Desistir, palavra horrível. Estamos no verão, no momento em que escrevo isto, e
acorrem-me as palavras tremendas de um grande poeta inglês do século XX
(Eliot): “Um velho, num mês de secura”... A velhice, encarquilhando-se, no meio
da desolação e da secura. É para isto que servem os poetas: para encontrarem,
em poucas palavras, a medalha eficaz e definitiva para uma situação, uma visão,
uma emoção ou uma ideia.
A velhice, Senhor Primeiro Ministro, é, com as dores que arrasta
– as físicas, as emotivas e as morais – um período bem difícil de atravessar.
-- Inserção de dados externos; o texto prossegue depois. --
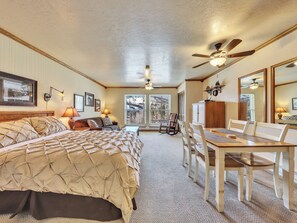 Cozy bedroom with a large bed, desk, and window offering a view of the outdoors.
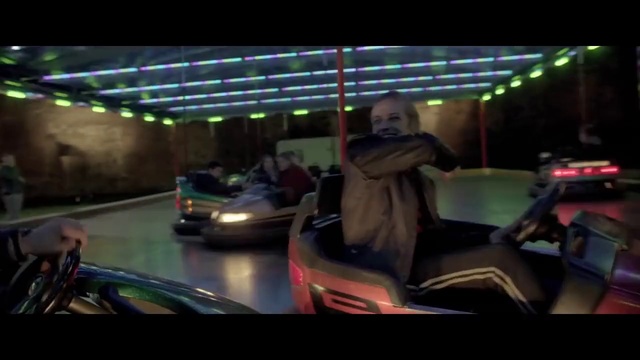 Video Reference: Amusement ride, Automotive exterior, Mode of transport, Vehicle, Pc game, Amusement park, Fun, Bumper, Recreation, Automotive design, Person, Indoor, Table, Window, Man, Computer, Laptop, Sitting, Desk, Room, Woman, Young, People, Holding, Standing, Phone, Living, Playing, Car, Doing, Riding, Land vehicle, Night, Wheel, Bumper car, Golfcart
Já alguém a definiu como o departamento dos doentes externos do Purgatório. E
uma grande contista da Nova Zelândia, que dava pelo nome de Katherine
Mansfield, com a afinada sensibilidade e sabedoria da vida, de que V. Exa. e o
seu governo parecem ter défice, observou, num dos contos singulares do seu
belíssimo livro intitulado The Garden Party: “O velho Sr. Neave achava-se
demasiado velho para a primavera.” Ser velho é também isto: acharmos que a
primavera já não é para nós, que não temos direito a ela, que estamos a mais,
dentro dela... Já foi nossa, já, de certo modo, nos definiu. Hoje, não. Hoje,
sentimos que já não interessamos, que, até, incomodamos.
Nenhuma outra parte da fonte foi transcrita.